A finales de marzo, la Administración de Donald Trump decidió revocar los permisos y exenciones a empresas como Repsol, la francesa Maurel et Prom y la italiana Eni. Este veto se hizo efectivo el 27 de mayo. Sin embargo, las importaciones de crudo venezolano ya eran muy bajas antes de la revocación, alcanzando solo 299.000, 150.000 y 296.000 toneladas en los tres meses previos. En comparación, durante el mismo periodo, España importó un total de 5,182 millones de toneladas en enero, 5,073 millones en febrero y 5,310 millones en marzo.
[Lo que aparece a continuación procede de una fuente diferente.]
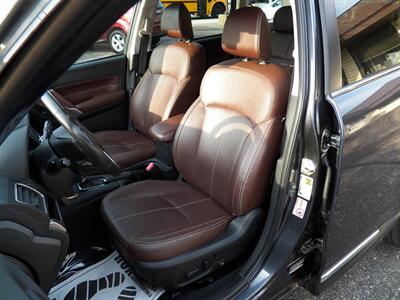 2017 Subaru Forester 2.5i Touring AWD - Photo 7 - Mishawaka, IN 46545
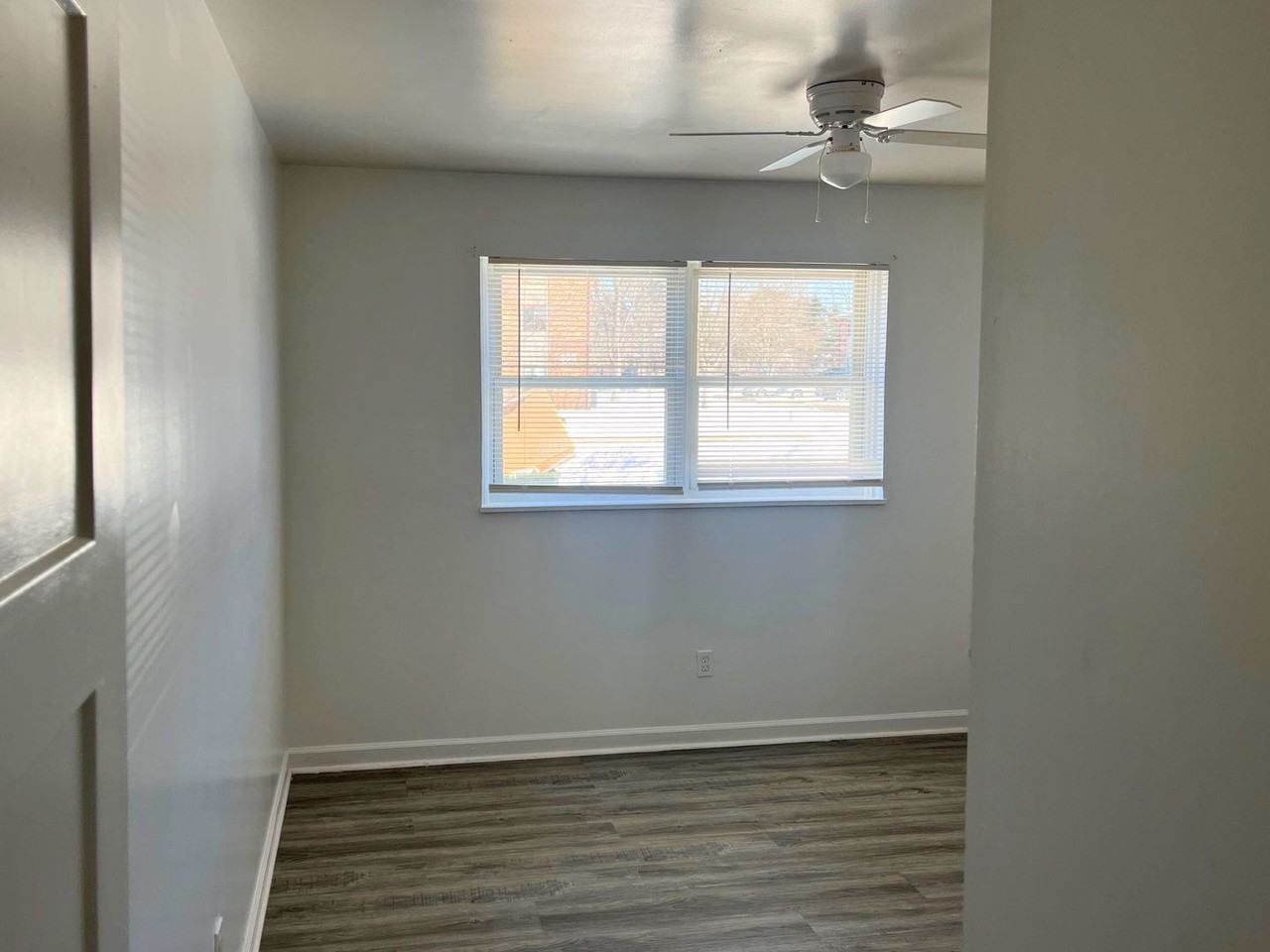 306 Elmwood Drive - Photo 5 of 11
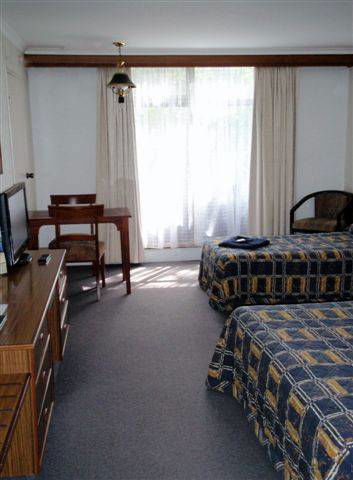 West Coaster Motel - Tourism Gold Coast 2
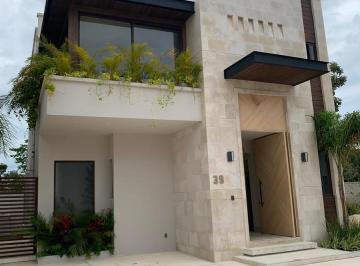 Casa en condominio · 288m² · 3 Recámaras · 2 Estacionamientos · Losantos Cancun, *288 M²* Av Huayacán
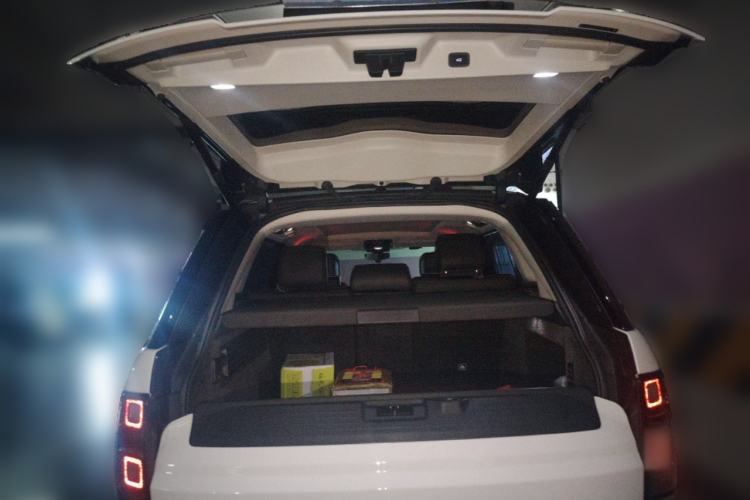 Used Land Rover Range 2020 3.0 L6 Long-Wheelbase Legacy Trunk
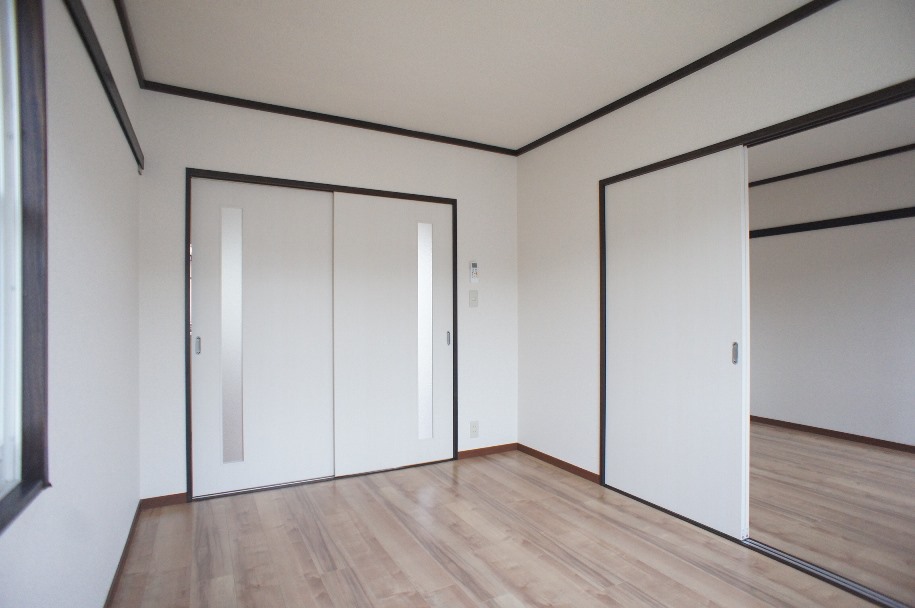 コンビニ　ローソン栄鍛冶ケ谷一丁目店（コンビニ）まで521m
Las importaciones de crudo venezolano han sido testimoniales, suponiendo desde 2018 hasta marzo de 2025 en torno al 2% del total
De hecho, en octubre de 2024, España importó crudo de 18 países, y en 2024, de alrededor de 21 países. Esto subraya la estrategia de diversificación adoptada por el país.
A nivel global, la producción de petróleo en Venezuela se ha reducido drásticamente desde principios de siglo, alcanzando su mínimo entre 2020 y 2025. Según datos de 2024 de la Agencia Internacional de la Energía (AIE), el crudo venezolano representa aproximadamente el 1% de la oferta global. Este contexto refuerza la adaptación de España ante cambios en el panorama de importación de crudo.